Sarı “2018’deki söylem sadece niyet beyanı olmasına karşılık, İş Bankası hisseleri değer kaybetti. Sermaye artırmak zorunda kaldık. Erdoğan’ın bu açıklamaları SPK Kanunu’na göre suçtur. Bankanın itibarını zedeliyor. Yatırımcının mülkiyet ve miras hukukuna güveni sarsılıyor” diyor.

Türkiye ekonomisinin yıllık döviz ihtiyacının 200 milyar dolar seviyelerinde olduğuna da dikkat çekiyor.

Atatürk ilkelerini yaşatan kurumlara karşı!

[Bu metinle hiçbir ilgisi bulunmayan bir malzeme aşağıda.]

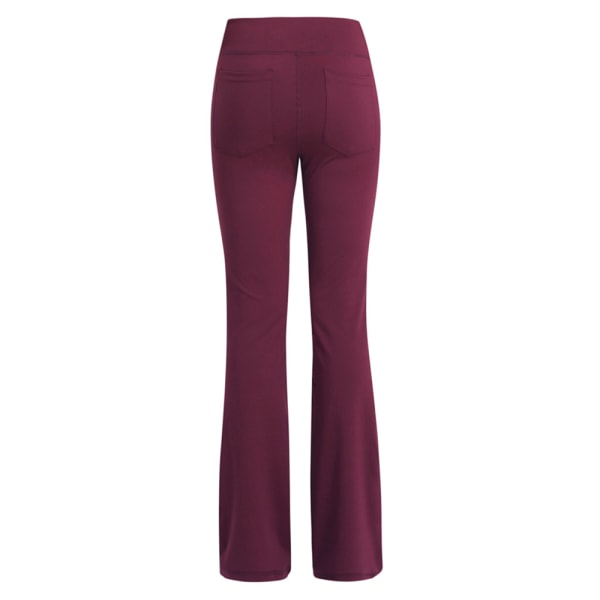 Kvinnor vida benbyxor Casual Stretch Yoga Pant Lounge byxor vinröd wine red XL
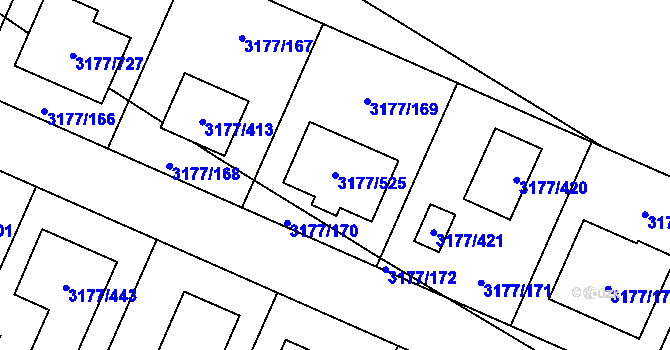 Parcela st. 3177/525 v KÚ Tachov, Katastrální mapa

İş Bankası’nın ortaklık yapısı: İş Bankası Munzam Sandık Vakfı: Yüzde 39.10, Atatürk hisseleri: Yüzde 28.09, Halka açık pay: Yüzde 32.81.

Türk Dil Kurumu ve Türk Tarih Kurumu, Atatürk hisselerinden doğan temettü gelirleri ile ayakta duruyor.

İş Bankası Yönetim Kurulu’nda 11 üye yer alıyor. Bunun 6’sı İş Bankası çalışanlarının kurduğu Munzam  Sandık Vakfı’nı, 1’i halka açık hisseleri, 4’ü de CHP hisselerini temsil ediyor.

AKP’nin CHP hisseleri ile didişmesini, Atatürk ilkeleri çerçevesinde inşa edilen ulus bilincini teslim alma çabası olarak okumak yanlış olmaz.

“CHP bu karara direnir


“AKP Genel Başkanı Erdoğan’ın, partisinin Merkez Karar Yürütme Kurulu toplantısında, İş Bankası’ndaki CHP hisselerinin Hazine’ye devrini gündeme getirmesi, tek adam rejiminin örneğidir” diyor CHP’nin TBMM Grup Yöneticisi ve Finansal Raporlama Uzmanı Özgür Karabat.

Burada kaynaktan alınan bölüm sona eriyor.